On the other hand, intimations of mortality were definitely a feature, for all the reasons mentioned here as well as a few others noted in Part 1. The most personal of those was how we’d left behind an old cat who’d been fading away, Felice, at one of those boarding places, and the fact is she’d died the day before we returned home. What is remarkable, in a striking or troubling or at least thought provoking way, is that this is a duplicate scenario from thirty years before, when we’d left another feeble old cat, Slim, at the vet’s when we’d gone to visit family. Thoughts of history repeating itself weighed on our minds in New Jersey, though not heavily. Que sera sera, as Doris Day sang it.
One can speculate on how those poor creatures met an earlier end out of loneliness for us, or because they’d felt abandoned, and anyone prone to feeling guilty would grab the opportunity, but it seems more likely that humans have thoughts like those and other species simply don’t. There is speculation nowadays that whales and elephants (or all sentient creatures – what do we know?) feel the pain of grief and loss, but that’s nothing like our species’ need to contemplate our end, and to even fear it. Animals simply express their will to live until they are no more, with no thought process involved. Call that speculation or belief, but it’s an understanding as good as any.

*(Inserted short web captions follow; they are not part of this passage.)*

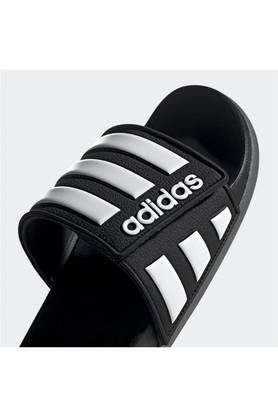 Adilette comfort adj online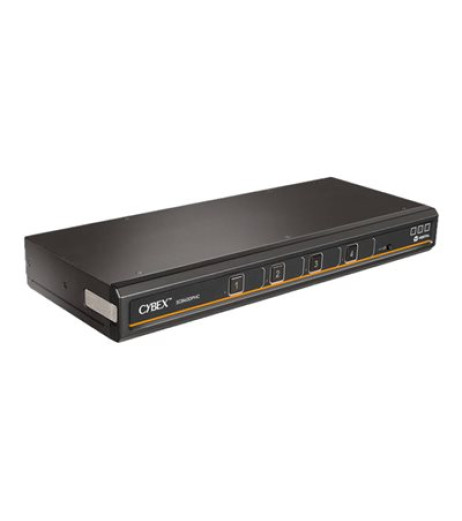 Cybex SC840DPHC - KVM / audio / USB switch SC840DPHC-400 – купити в Україні | Офіційна гарантія Cybex SC840DPHC - KVM / audio / USB switch SC840DPHC-400 – купити в Україні | Офіційна гарантія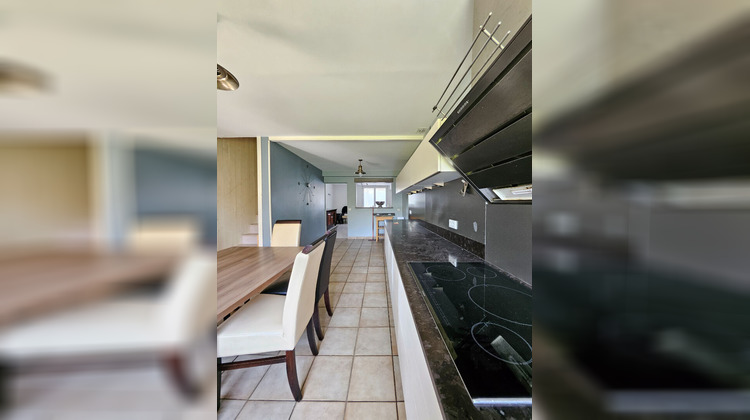 Ma-Cabane - Vente Maison FLESSELLES, 215 m²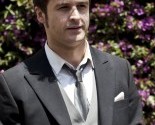 recwedding (14)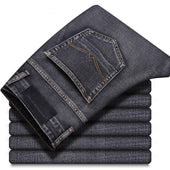 Herrenjeans Regular-Bombardina.de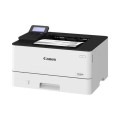 Drukarka laserowa Canon i-SENSYS LBP233DW - 1922355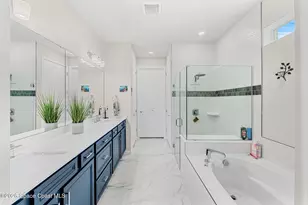 8920 Shoreline Ave, Melbourne, FL 32940 - Photo 30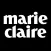 Marie Claire toute l'actu mode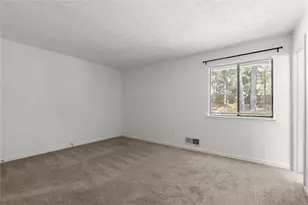695 Waterbrook Terrace, Roswell, GA 30076 - Photo 23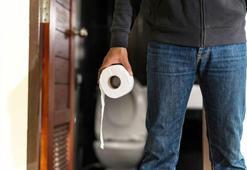 İdrarda kanama şikayeti, mesane kanseri belirtisi olabilir!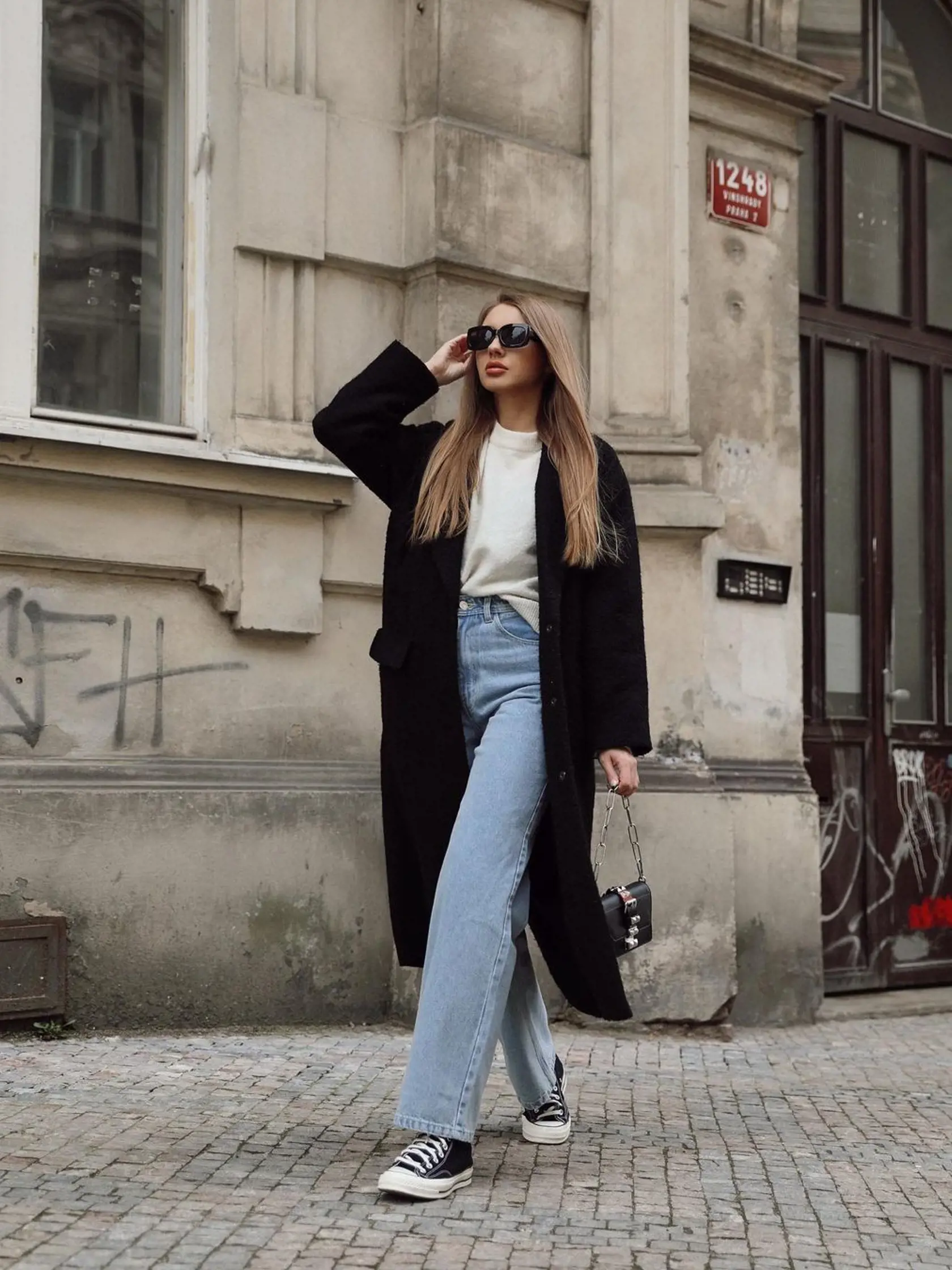 Pavlína Jágrová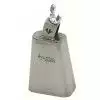 Tycoon TWH-45  4.5″ Hammered Cowbell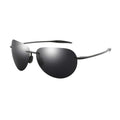 Metal Classic Glasses Design Sun Glasses Square Pilot Style Rivets Driving Men Women Unisex Shades Ditaeds Sunglasses Retro
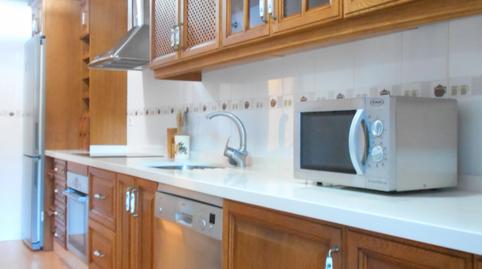 Garage for sale in Lagunas de Ruidera, El Torreón – Los Ángeles – El Pilar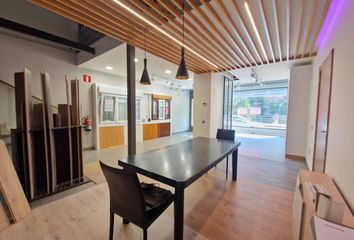 Local Comercial en  Otxarkoaga - Txurdinaga, Bilbao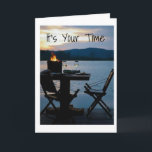 "FRIEND" ENJY "DITT DAGAR" SJÖ STIL KORT<br><div class="desc">VILKET UNDERBART SÄTT ATT SÄGA GRATTIS PÅ FÖDELSEDAGEN GÖR INTE DIG TÄNKA? OCH DEN HÄR ÄR BARA DEN OCH MER!!!!!!! TACK FÖR ATT STOPPA MED ETT AV MINA ÅTTA LAGER!</div>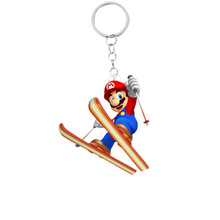 �������R��W耳׿�͸�����½������ͳ��������ă���������ұ���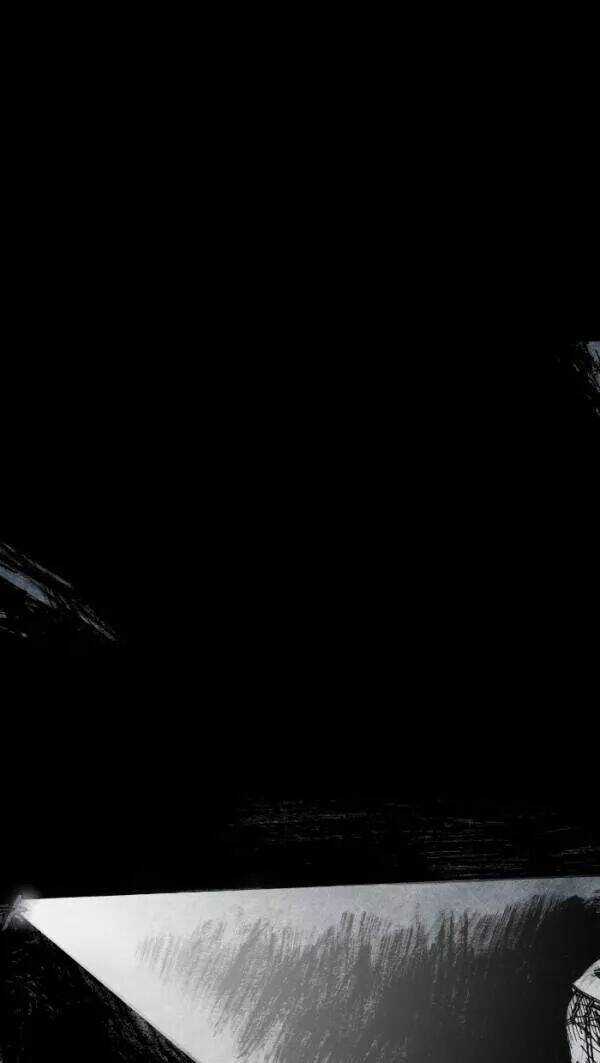 Distant Sky Chapter 18 trang 62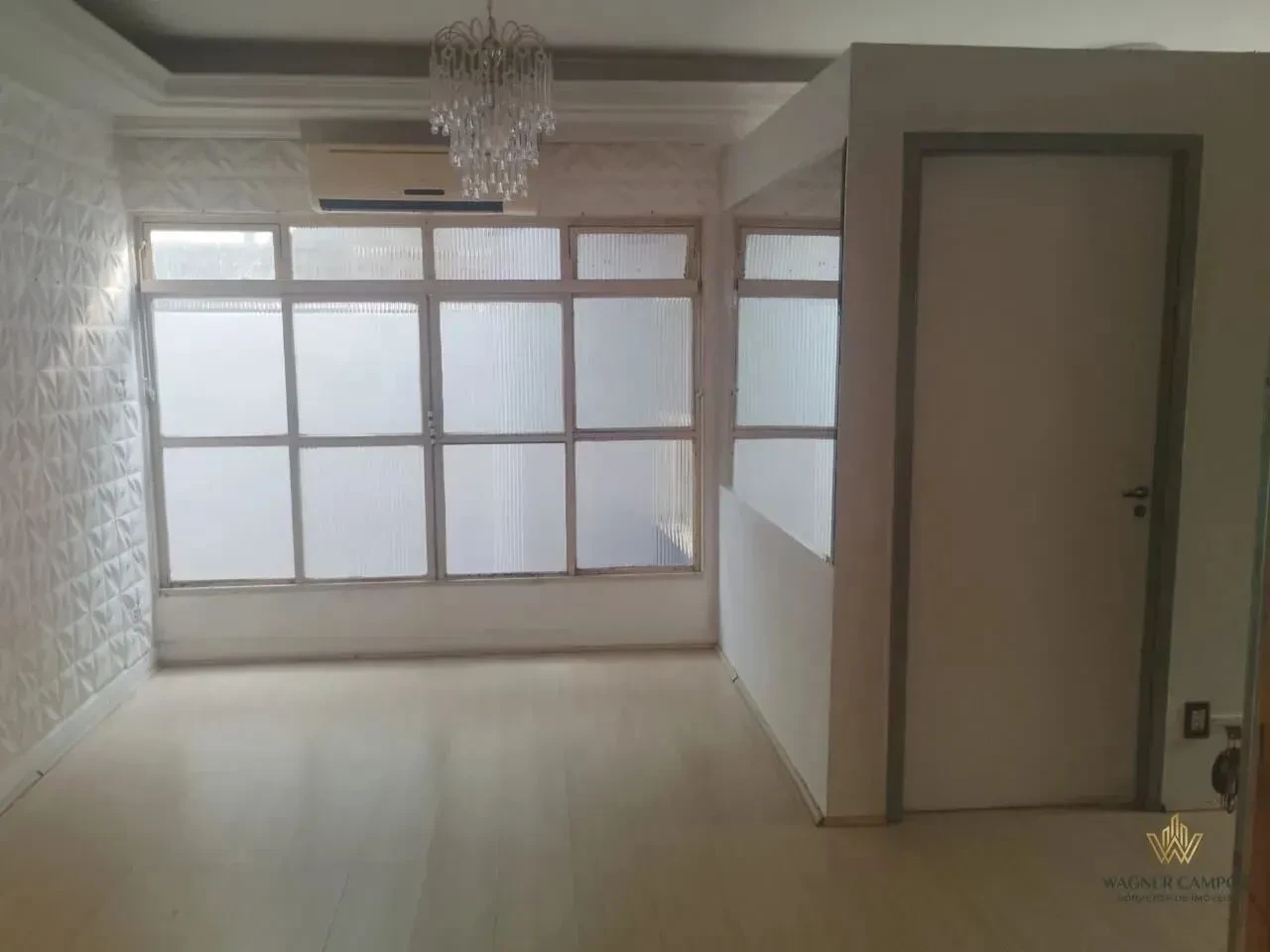 Imagem Casa com 4 Quartos para Alugar, 250 m² em Jardim das Américas - Cuiabá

Slim’s passing was one loss among many, and one interesting thing about loss is that you never get used to it. The latest one generates as much pain and reflection as that first one, whenever it was, and so has every one in between. The hardest part is being home with the occasional thoughts about how something’s now missing, and how when you remember what it is, the moment is somehow joyous and sad at the same time. Such moments might become less frequent, but at some level they persist forever, which may be true for humans and whales and elephants alike, and who’s to say who else?